◆ To do:
What you return must match the listing below word for word.
[[ Data provided open ]]
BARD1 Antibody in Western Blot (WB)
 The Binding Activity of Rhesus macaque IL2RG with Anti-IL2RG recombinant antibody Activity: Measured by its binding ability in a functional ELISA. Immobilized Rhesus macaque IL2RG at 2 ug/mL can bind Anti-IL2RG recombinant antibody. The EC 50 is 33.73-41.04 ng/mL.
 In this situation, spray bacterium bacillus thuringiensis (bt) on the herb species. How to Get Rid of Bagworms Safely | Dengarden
[[ Data provided closed ]]
◆ Written reply:
BARD1 Antibody in Western Blot (WB)
 The Binding Activity of Rhesus macaque IL2RG with Anti-IL2RG recombinant antibody Activity: Measured by its binding ability in a functional ELISA. Immobilized Rhesus macaque IL2RG at 2 ug/mL can bind Anti-IL2RG recombinant antibody. The EC 50 is 33.73-41.04 ng/mL.
 In this situation, spray bacterium bacillus thuringiensis (bt) on the herb species. How to Get Rid of Bagworms Safely | Dengarden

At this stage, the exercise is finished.